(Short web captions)
******

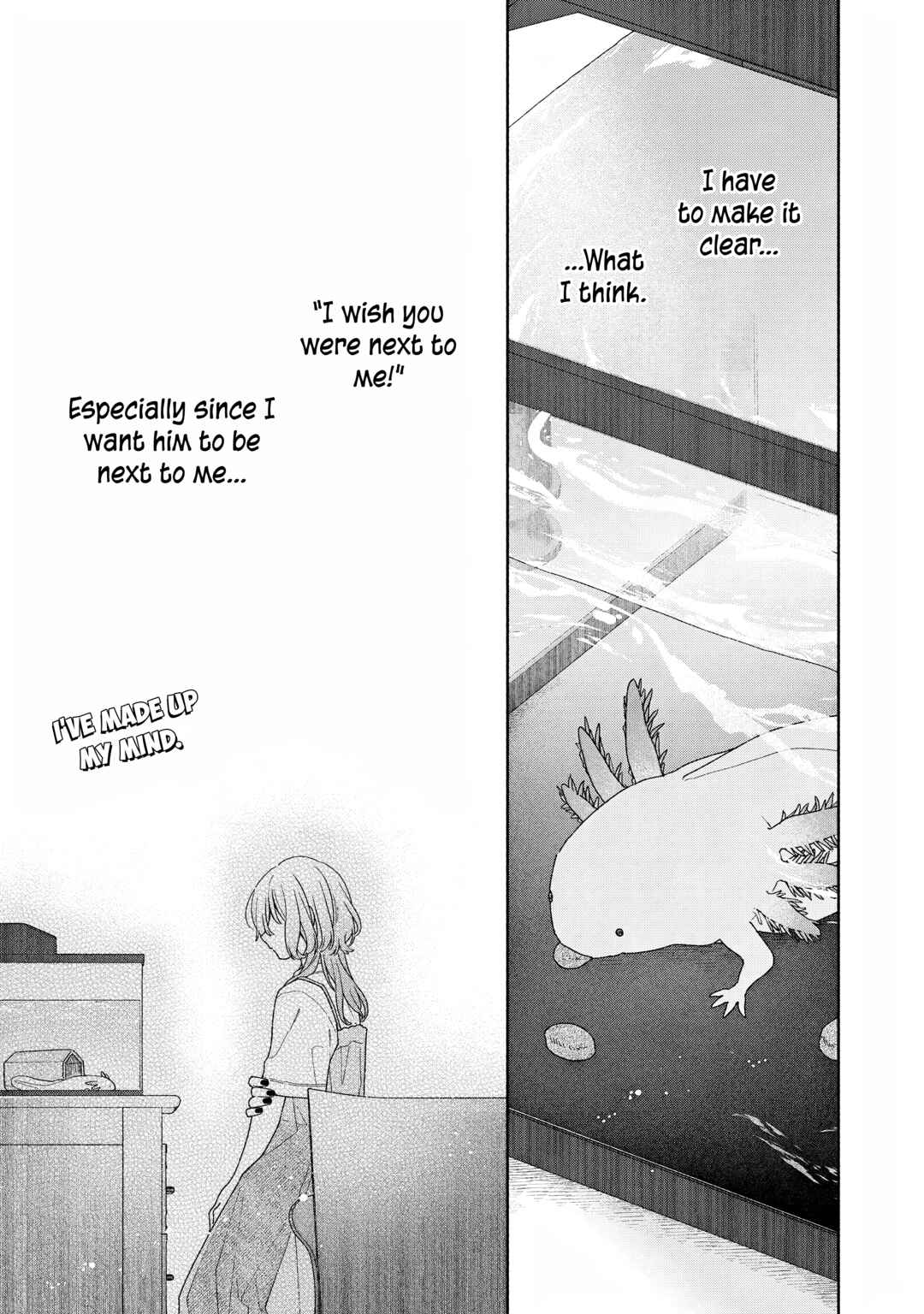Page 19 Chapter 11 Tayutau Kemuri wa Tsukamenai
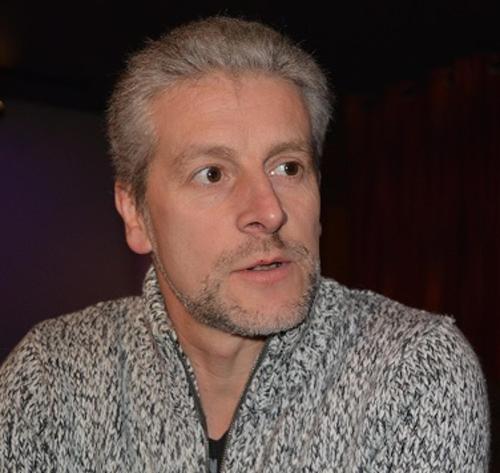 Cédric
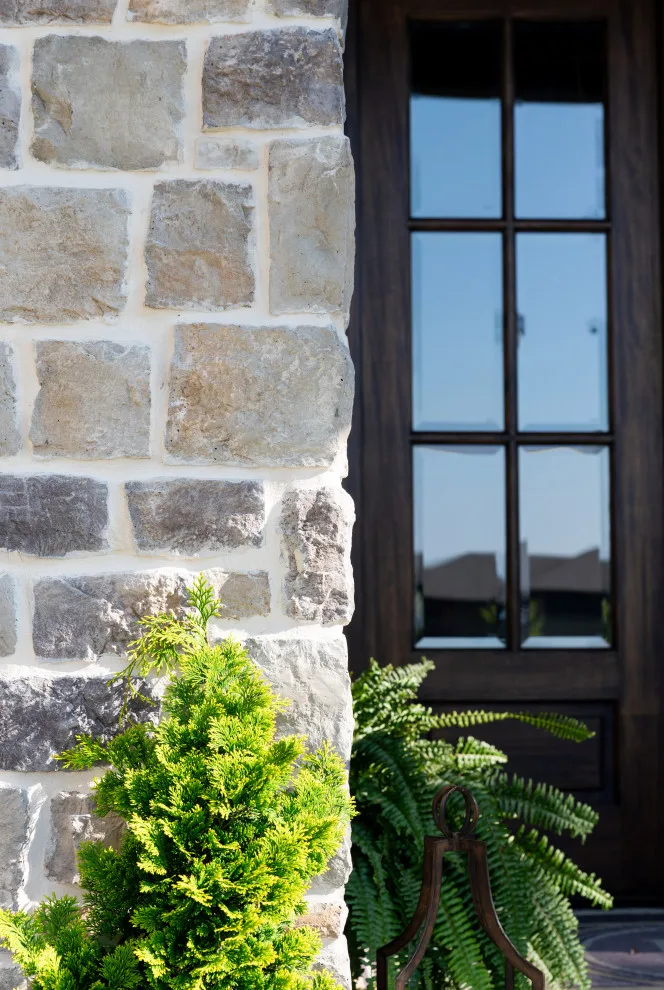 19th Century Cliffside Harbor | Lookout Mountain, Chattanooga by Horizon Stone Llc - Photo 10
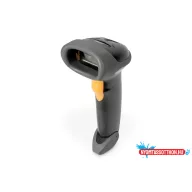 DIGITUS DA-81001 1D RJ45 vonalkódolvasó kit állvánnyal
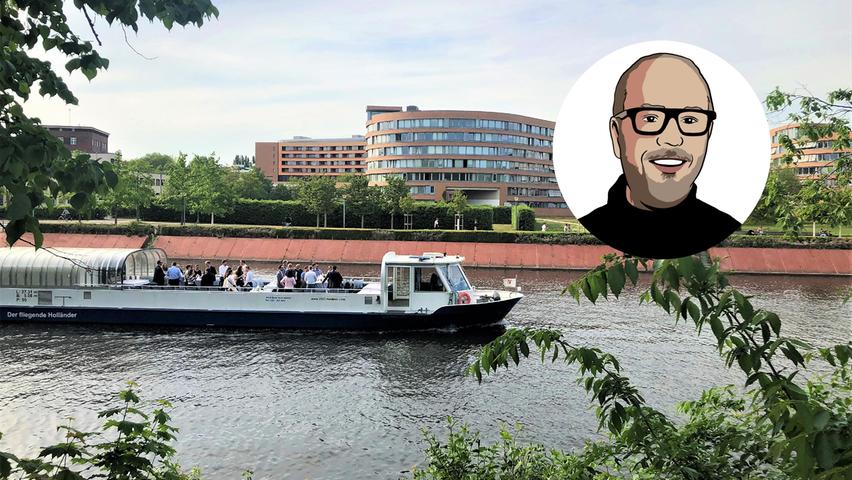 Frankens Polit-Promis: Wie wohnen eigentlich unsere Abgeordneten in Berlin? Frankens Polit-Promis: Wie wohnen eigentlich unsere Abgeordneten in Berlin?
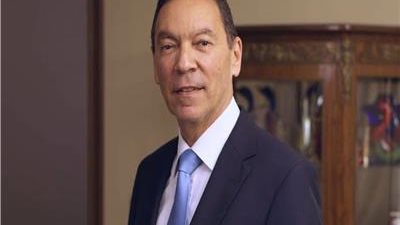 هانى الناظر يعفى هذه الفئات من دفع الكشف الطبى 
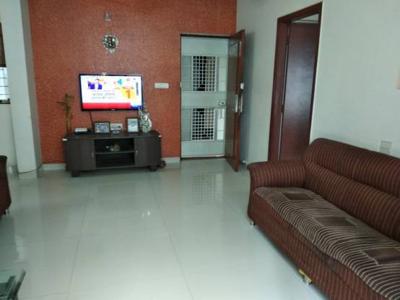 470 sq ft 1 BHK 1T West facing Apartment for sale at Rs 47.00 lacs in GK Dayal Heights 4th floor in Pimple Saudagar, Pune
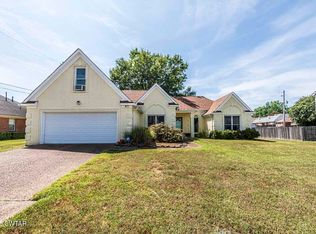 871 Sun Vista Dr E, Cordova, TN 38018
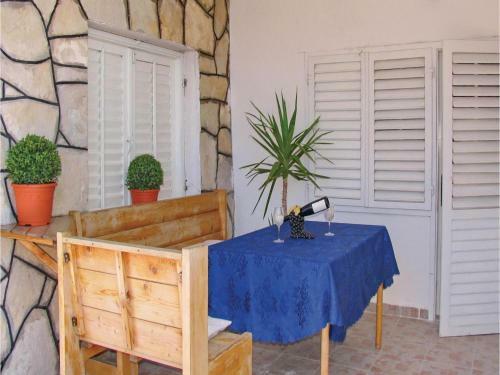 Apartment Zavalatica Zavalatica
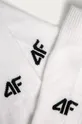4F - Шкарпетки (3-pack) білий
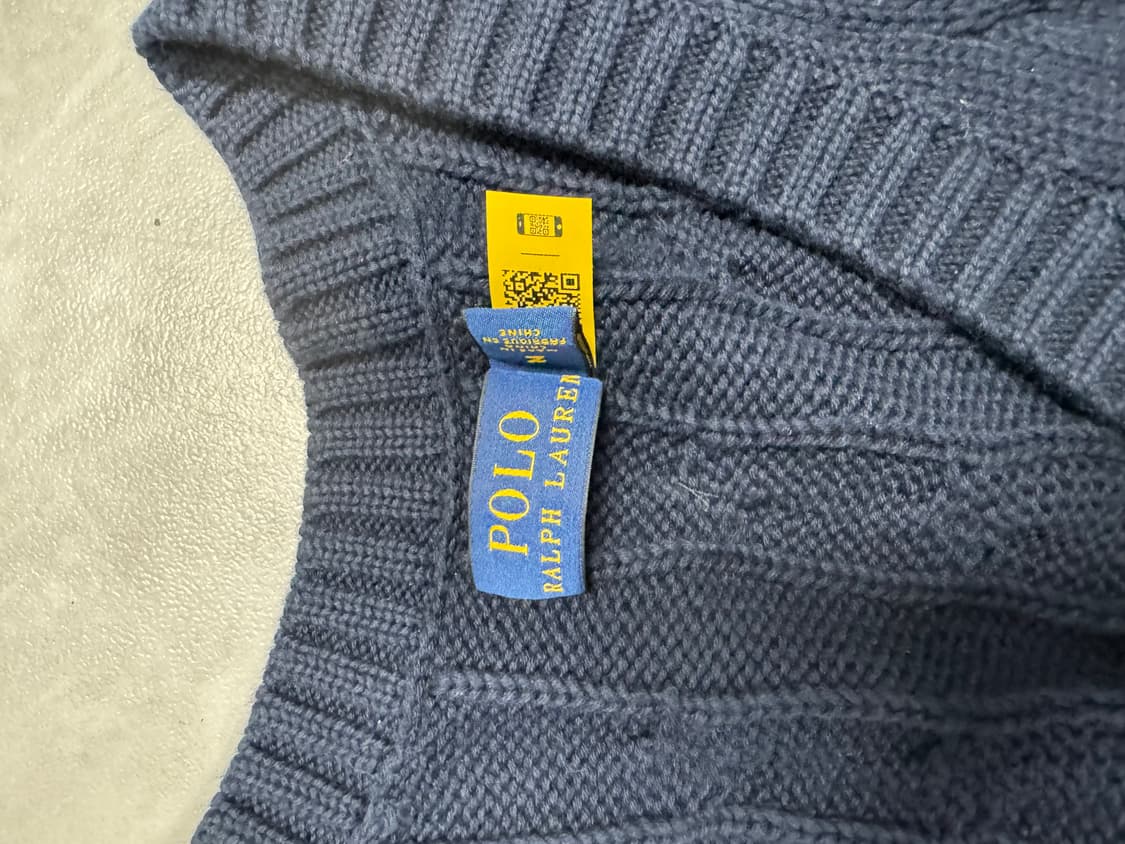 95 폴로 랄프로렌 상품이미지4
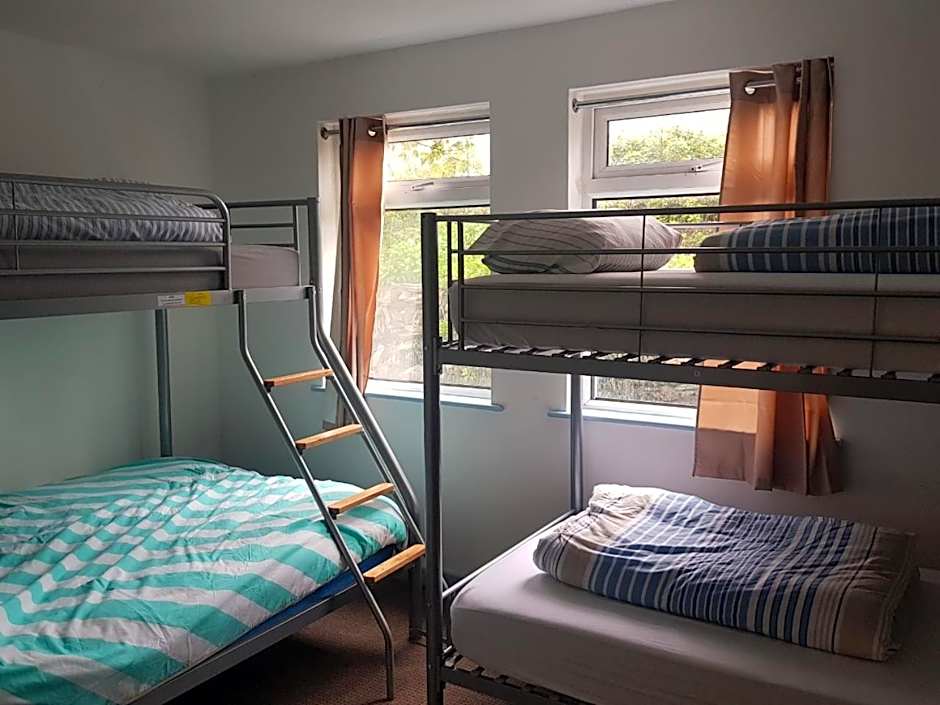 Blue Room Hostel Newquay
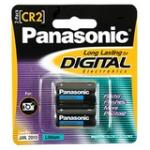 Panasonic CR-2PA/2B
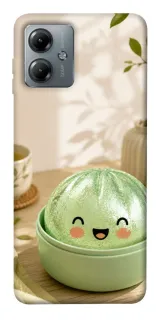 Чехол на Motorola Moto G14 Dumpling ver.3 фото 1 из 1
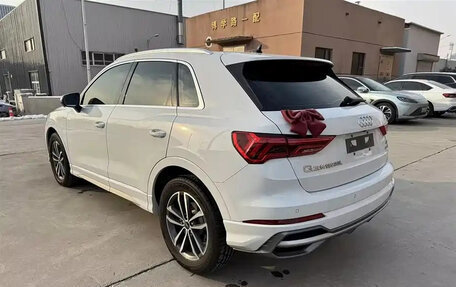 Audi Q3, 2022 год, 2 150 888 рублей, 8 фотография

******

Set the records down again exactly, with no pictures.

Page 19 Chapter 11 Tayutau Kemuri wa Tsukamenai
 Cédric
 19th Century Cliffside Harbor | Lookout Mountain, Chattanooga by Horizon Stone Llc - Photo 10
 DIGITUS DA-81001 1D RJ45 vonalkódolvasó kit állvánnyal
 Frankens Polit-Promis: Wie wohnen eigentlich unsere Abgeordneten in Berlin? Frankens Polit-Promis: Wie wohnen eigentlich unsere Abgeordneten in Berlin?
 هانى الناظر يعفى هذه الفئات من دفع الكشف الطبى 
 470 sq ft 1 BHK 1T West facing Apartment for sale at Rs 47.00 lacs in GK Dayal Heights 4th floor in Pimple Saudagar, Pune
 871 Sun Vista Dr E, Cordova, TN 38018
 Apartment Zavalatica Zavalatica
4F - Шкарпетки (3-pack) білий
 95 폴로 랄프로렌 상품이미지4
 Blue Room Hostel Newquay
 Panasonic CR-2PA/2B
 Чехол на Motorola Moto G14 Dumpling ver.3 фото 1 из 1
 Audi Q3, 2022 год, 2 150 888 рублей, 8 фотография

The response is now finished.